The Big River has also been known by several other names, Windsor River and Māori names Hakapoua, Okopowa, Patu-po, or Patupō, though that last name, meaning kill by night, might refer to a place near Long Point and Waitutu. It is a river of southern Fiordland, New Zealand, and is one of four rivers of that name in the South Island. It is the main source of Lake Hakapoua and a lower stretch is the lake's 2 km outflow to the sea. The river rises on the 1123 m high Arnett Peak, in the Cameron Mountains, runs about 23 km to the lake. At about the mid point of the river it runs through a narrow gorge. Elsewhere it is generally very shallow. The river is in the Fiordland National Park.

The area was used by Kāti Mamoe and later by Ngāi Tahu.

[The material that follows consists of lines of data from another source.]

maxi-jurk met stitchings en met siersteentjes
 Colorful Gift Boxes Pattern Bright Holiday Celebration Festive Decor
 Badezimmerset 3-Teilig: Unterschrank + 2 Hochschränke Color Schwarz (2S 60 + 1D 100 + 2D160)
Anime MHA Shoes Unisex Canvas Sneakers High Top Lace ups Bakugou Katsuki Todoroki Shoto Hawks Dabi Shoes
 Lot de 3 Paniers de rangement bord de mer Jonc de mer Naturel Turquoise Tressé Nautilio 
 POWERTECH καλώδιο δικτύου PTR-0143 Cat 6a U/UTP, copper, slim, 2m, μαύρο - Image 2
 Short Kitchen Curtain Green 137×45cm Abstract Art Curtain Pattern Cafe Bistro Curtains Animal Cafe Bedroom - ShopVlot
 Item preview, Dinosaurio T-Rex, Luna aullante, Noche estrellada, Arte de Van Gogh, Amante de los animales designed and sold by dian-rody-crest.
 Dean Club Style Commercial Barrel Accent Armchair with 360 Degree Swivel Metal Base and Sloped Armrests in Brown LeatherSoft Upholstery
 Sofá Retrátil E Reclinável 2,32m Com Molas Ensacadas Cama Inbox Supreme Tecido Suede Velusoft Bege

In 1903, when the area was first surveyed, whio, swan, kākāpō, weka and kākā were common. A taihoropī (grebe) has been reported on the lake. Red deer are common in the area.

== Geology ==
The river mostly flows over two rock types. Its upper reaches are mainly on undated, undifferentiated Cameron Group rocks, probably of Cambrian age. They are layers of metasedimentary and metavolcanic rocks, with quartz-rich psammite and some pelite, containing sillimanite, feldspar and migmatites.

Medium-grained, massive to weakly foliated, Devonian, Big Pluton rocks, make up the lower part of the Lake Monk (east) arm of the river and down to the sea. Big is part of the Ridge Suite of plutons, made up of biotite, muscovite, garnet, tonalite, grandiorite, granite and monzogranite.

At the southern end of Lake Hakapoua, cataclastic Balleny Basin, Eocene, Macnamara Formation, sedimentary rocks lie over Big Pluton rocks. They consist of a basal conglomerate and pebbly sandstone, covered by carbon-rich mud and sandstones. It was these rocks which slipped in 1915, filling part of the river and Lake Hakapoua, which had until then been tidal.

Like all Fiordland rivers, it has a U-shaped valley, cut by Quaternary glaciers up to 18,000 years ago.

== Tracks ==
Big River is at the end of the South Coast Track, 61 km from the road at Rarakau (about 28 km) west of Tuatapere). The track runs via Waikoau River, the former Port Craig tramway, Waitutu River and Aan River. Westies Hut, the nearest hut to Big River, is 2 km from the mouth of the river. The 5-bunk hut is a former fishing shelter, in an uplifted sea cave, which was restored in 2007.

The South Coast Track used to be part of the telegraph line and track to Puysegur Point, which was built in 1908-9, but replaced by radio in 1925, after many failures and repairs.

Routes have also been described linking Big River from the Richard Burn, or Lake Kakapo, or Lakes Poteriteri and Mouat, all via Lake Monk.